Les actes préconstituants, ceux qui vont fonder le nouveau processus constituant, n'émanent en général pas du pays lui-même, mais de la communauté internationale. Par exemple, sans même parler des constitutions des années 90, les accords de Minsk exigent une modification de la Constitution ukrainienne. Cela a-t-il pu régler la moindre question politique intérieure? Cela a-t-il conduit à une quelconque réflexion constructive sur la question? Non. Un acte préconstituant, c'est-à-dire un acte juridique traduisant la volonté d'un changement constitutionnel ne peut émaner que des forces politiques nationales, être l'expression de la volonté populaire pour être efficace. Sinon, il ne s'agit que d'un instrument politique, voire géopolitique, dont la précision laisse souvent à désirer.

Depuis la chute de l'Union soviétique, les processus constitutionnels sont surveillés par la communauté internationale, quand les textes ne sont pas fournis clés en main. Prêt pour la consommation. Et parfois difficilement dégirés par le peuple, les traditions politiques nationales, les forces politiques en jeu. De ce fait, les "nouvelles" constitutions ont plus été des instruments de modification des Etats et des sociétés qu'il a fallu "démocratiser", que le résultat d'un processus politique intérieur. En étant le point de départ et non l'aboutissement, la constitution n'est plus un acte reforçant l'Etat, mais l'affaiblissant en renforçant le contrôle extérieur: comment les dispositions seront appliquées, comment les lois adoptées seront conformes aux nouvelles règles, etc. 

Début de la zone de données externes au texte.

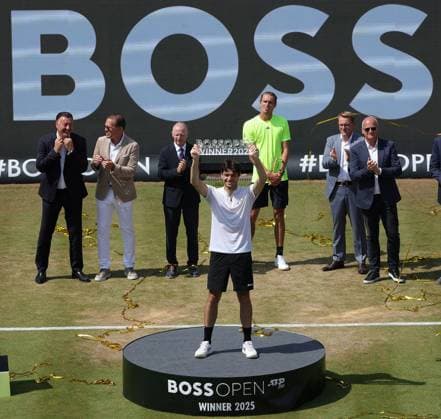 (250616) -- STUTTGART, June 16, 2025 -- Winner Taylor Fritz (front) of the United States celebrates with the trophy during the awarding ceremony after the men s singles final between Alexander Zverev of Germany and Taylor Fritz of the United States at the Stuttgart Open 2025 tennis tournament in Stuttgart, Germany, June 15, 2025. (Photo by Xinhua) (SP)GERMANY-STUTTGART-TENNIS-STUTTGART OPEN-FINAL PhilippexRuiz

Par ailleurs, très souvent, ces constitutions "importées" apparaissent dans des périodes de troubles politiques, lorsque les turbulences internes ne sont pas encore apaisées et les nouvelles forces politiques installées fermement. Le nouveau texte, cautionné par la communauté internationale, a alors valeur de soutien apporté à un nouveau pouvoir. Il permet d'influencer le processus politique intérieur en donnant artificiellement, indépendamment de sa représentation populaire réelle, la prééminence à un mouvement politique.

Peut-être la Syrie aura-t-elle la chance d'échapper à cela. Car la voie de construction nationale, la voie étatique, la voie de la stabilité est tout autre.

1 commentaire:

  1. A mon simple avis, pour faire ou refaire une constitution, il faut un calme total, la récupération de tout le territoire syrien, la reconstruction des villes ravagées et le retour de tous les réfugiés syriens.Il ont aussi droit à la parole.
    Merci pour cet article très intéressant, très clair.